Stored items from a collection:
────────────────────

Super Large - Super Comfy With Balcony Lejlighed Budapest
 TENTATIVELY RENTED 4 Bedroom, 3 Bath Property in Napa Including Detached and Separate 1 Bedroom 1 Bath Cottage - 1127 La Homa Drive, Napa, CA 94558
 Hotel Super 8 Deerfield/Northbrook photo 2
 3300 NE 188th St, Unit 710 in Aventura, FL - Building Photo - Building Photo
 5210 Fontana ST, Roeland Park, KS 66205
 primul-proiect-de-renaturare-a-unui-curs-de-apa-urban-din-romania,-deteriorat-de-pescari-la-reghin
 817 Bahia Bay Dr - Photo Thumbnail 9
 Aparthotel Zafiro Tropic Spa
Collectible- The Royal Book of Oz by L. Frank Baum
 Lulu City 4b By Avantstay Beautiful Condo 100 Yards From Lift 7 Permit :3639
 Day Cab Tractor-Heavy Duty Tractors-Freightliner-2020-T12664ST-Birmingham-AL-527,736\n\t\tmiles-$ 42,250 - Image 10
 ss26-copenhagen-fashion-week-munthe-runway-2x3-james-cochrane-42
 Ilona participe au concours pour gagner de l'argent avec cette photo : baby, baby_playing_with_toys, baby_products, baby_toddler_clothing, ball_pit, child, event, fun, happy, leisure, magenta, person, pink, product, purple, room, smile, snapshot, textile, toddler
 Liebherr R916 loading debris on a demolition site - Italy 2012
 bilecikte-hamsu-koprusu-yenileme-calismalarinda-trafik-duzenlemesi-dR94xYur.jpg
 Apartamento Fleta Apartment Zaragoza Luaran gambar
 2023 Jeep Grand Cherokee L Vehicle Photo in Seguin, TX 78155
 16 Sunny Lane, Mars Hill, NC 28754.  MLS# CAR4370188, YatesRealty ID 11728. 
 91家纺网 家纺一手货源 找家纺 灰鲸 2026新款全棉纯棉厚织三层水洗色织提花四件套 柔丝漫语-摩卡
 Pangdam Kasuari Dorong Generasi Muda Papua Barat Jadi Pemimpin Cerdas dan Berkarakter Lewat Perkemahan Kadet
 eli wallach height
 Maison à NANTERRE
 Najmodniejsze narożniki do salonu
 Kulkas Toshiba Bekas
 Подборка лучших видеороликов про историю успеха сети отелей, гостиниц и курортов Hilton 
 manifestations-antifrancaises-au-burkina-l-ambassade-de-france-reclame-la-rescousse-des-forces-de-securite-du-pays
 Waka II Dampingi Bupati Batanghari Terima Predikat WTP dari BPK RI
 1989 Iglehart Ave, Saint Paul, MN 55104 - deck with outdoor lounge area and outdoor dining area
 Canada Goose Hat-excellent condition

────────────────────

What you have to do ▸ Return only the lines between the one holding "Liebherr R916 loading" and the one holding "Waka II Dampingi", inclusive, exactly as they appear above.

Reply ▸
 Liebherr R916 loading debris on a demolition site - Italy 2012
 bilecikte-hamsu-koprusu-yenileme-calismalarinda-trafik-duzenlemesi-dR94xYur.jpg
 Apartamento Fleta Apartment Zaragoza Luaran gambar
 2023 Jeep Grand Cherokee L Vehicle Photo in Seguin, TX 78155
 16 Sunny Lane, Mars Hill, NC 28754.  MLS# CAR4370188, YatesRealty ID 11728. 
 91家纺网 家纺一手货源 找家纺 灰鲸 2026新款全棉纯棉厚织三层水洗色织提花四件套 柔丝漫语-摩卡
 Pangdam Kasuari Dorong Generasi Muda Papua Barat Jadi Pemimpin Cerdas dan Berkarakter Lewat Perkemahan Kadet
 eli wallach height
 Maison à NANTERRE
 Najmodniejsze narożniki do salonu
 Kulkas Toshiba Bekas
 Подборка лучших видеороликов про историю успеха сети отелей, гостиниц и курортов Hilton 
 manifestations-antifrancaises-au-burkina-l-ambassade-de-france-reclame-la-rescousse-des-forces-de-securite-du-pays
 Waka II Dampingi Bupati Batanghari Terima Predikat WTP dari BPK RI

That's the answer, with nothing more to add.